The Washington Post recently featured an article by John Greer and Mary Catherine Sullivan entitled, How Politically Divided is the US? The June 7, 2022, column challenges the assumption America is more divided than it has ever been.
To develop a more objective measure of the nation’s common thinking, the Vanderbilt Unity Index (VUI) was created in 1981. It attempts to objectively measure how divided we are as a country.
The VUI tracks the country’s unity by examining national harmony in the following five categories: presidential disapproval, ideological extremism, social trust, congressional polarization and civil unrest. Each area is measured four times per year.
Using a scale of 0-100, America was most unified in the second quarter of 1991 when the VUI reached 71.3 as the nation stood solidly behind President George H. W. Bush in the aftermath of the Persian Gulf War. The VUI score was above 70 in 12 quarters since 1981. Surprisingly, the VUI fell below 50 just three times during that period. However, Vanderbilt acknowledges the nation’s trust in political institutions has eroded significantly during the last 40 years.

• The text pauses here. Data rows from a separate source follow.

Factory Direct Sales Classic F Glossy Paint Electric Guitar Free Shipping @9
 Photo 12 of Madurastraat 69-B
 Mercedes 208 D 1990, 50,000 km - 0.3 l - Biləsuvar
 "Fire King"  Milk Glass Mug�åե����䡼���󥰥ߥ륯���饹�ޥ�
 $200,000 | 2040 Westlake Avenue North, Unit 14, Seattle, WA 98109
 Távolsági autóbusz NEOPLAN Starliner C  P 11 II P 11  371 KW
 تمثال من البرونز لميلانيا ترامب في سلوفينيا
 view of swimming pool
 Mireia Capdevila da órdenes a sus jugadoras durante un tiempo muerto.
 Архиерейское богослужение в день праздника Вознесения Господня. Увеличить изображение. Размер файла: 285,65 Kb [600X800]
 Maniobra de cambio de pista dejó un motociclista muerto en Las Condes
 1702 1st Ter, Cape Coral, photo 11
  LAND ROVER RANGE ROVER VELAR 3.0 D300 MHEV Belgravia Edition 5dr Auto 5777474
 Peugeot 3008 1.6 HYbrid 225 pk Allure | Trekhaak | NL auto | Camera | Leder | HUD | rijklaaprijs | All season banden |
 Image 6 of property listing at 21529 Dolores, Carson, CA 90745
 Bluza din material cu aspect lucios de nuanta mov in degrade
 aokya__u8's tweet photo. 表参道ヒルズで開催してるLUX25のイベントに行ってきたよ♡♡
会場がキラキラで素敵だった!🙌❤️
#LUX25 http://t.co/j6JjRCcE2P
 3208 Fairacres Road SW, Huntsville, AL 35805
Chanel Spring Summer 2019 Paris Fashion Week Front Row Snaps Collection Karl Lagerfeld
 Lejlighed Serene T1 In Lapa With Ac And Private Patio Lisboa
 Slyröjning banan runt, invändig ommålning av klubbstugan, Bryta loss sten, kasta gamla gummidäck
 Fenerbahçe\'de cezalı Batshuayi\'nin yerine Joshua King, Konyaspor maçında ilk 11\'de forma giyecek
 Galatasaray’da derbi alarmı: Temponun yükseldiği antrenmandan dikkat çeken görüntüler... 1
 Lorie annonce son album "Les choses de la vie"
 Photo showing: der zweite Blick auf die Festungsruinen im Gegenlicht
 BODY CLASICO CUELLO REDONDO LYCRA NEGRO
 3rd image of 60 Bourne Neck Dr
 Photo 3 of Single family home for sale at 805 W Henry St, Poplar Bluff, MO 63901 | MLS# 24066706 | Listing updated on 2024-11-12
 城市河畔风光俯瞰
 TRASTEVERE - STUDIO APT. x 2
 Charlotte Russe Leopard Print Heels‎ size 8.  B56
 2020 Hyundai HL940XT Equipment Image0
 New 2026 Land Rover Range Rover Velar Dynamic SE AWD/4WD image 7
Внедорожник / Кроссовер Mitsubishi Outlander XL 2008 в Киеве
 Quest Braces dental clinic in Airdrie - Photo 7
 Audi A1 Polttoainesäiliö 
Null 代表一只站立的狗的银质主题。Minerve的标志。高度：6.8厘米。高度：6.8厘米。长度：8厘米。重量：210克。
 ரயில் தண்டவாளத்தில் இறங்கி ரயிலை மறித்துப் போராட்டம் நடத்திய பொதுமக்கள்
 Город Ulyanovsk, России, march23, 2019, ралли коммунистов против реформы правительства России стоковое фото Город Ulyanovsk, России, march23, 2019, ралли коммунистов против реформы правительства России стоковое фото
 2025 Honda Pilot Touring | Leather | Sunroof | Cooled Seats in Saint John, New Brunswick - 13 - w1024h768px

In the July 12, 2022, Our Daily Bread devotional, Bill Crowder observed, “It has become sadly ‘normal’ to attack not only the opinions of others but also the person holding the opinion.” Crowder related how he was surprised when theologian Richard B. Hays authored a paper in which he forcefully corrected something he himself had written earlier. In, Reading with the Grain of Scripture, Hays critique of himself demonstrated remarkable humility by acknowledging he too was still learning.